|neviot (e_witness) wrote,|
@ 2007-03-28 20:23:00
|Entry tags:||fangirling, snape|
(Becca, you knew this was coming...)
With the release of Harry Potter and the Deathly Hallows not three months around the corner, I've been slowly sinking back into the HP fandom. Okay, no, that would be a lie. I've been sinking rather rapidly back into Severus Snape addiction. Like fast forward 36x. Honestly, if there were ever a fictional character to enthrall me for a decade, it would be him, is him. Not Aragorn, not Gandalf, not Saitou Hajime, not Caius Merlyn Britannicus, not even Mr Stark - if he were fictional that is.

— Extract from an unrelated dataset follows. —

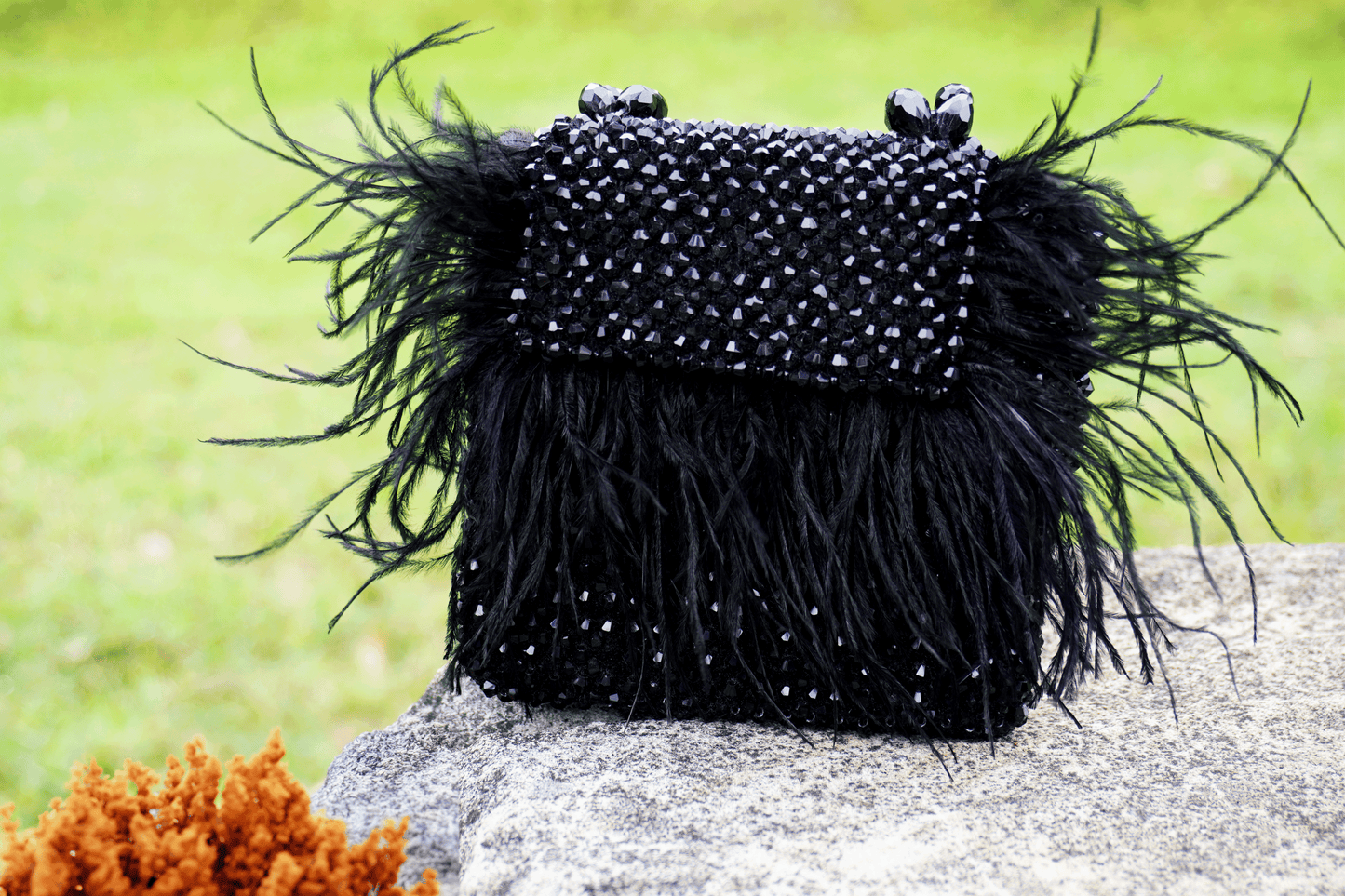 Crystal Beaded Fur Bag - Black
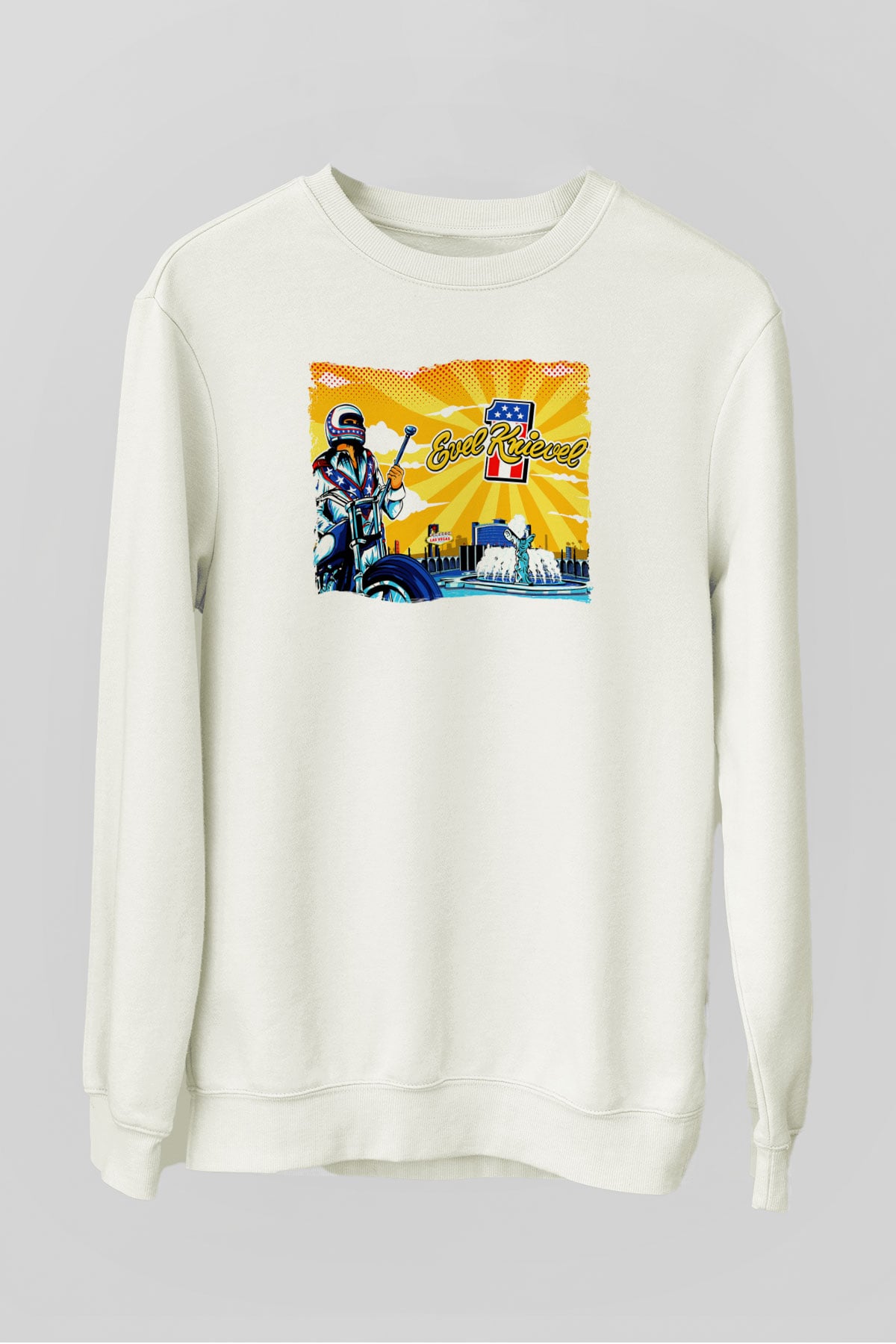 Evel Knievel Beyaz Unisex  Sweatshirt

Except for Dumbledore ;) but that’s only because D’s the hottest old man over a hundred I’ve ever seen. Snape is so ambiguous and complex of a character, bordering on obscure even, he begs to be examined and dissected and fallen in love with. Yes, I am a complete and utter dork; we knew that. You may move along now and spare yourself. I am mainly writing this for myself, as should be painfully obvious.
So I started browsing through the ‘net for general Snape information, hoping to get back in touch with the character and speculate some before the last book came out and the ultimate question of Severus Snape was answered (if it ever could be). I whipped out the 652-page Half-Blood Prince (American version) as well, but I’ve yet to dive in. I happened upon the website/forum “Chock Full o’ Sevy” (http://www.sevysgal.com/home.html) about three days ago, subscribed, and promptly tumbled head-over-heels. The atmosphere there is cozy and relaxed, and the fellow members are equally smitten with the Potions Master, though all with varying opinions and views on him. It makes for low-key yet in-depth discussions, exactly what my inner fangirl needed to kick her obsession into gear.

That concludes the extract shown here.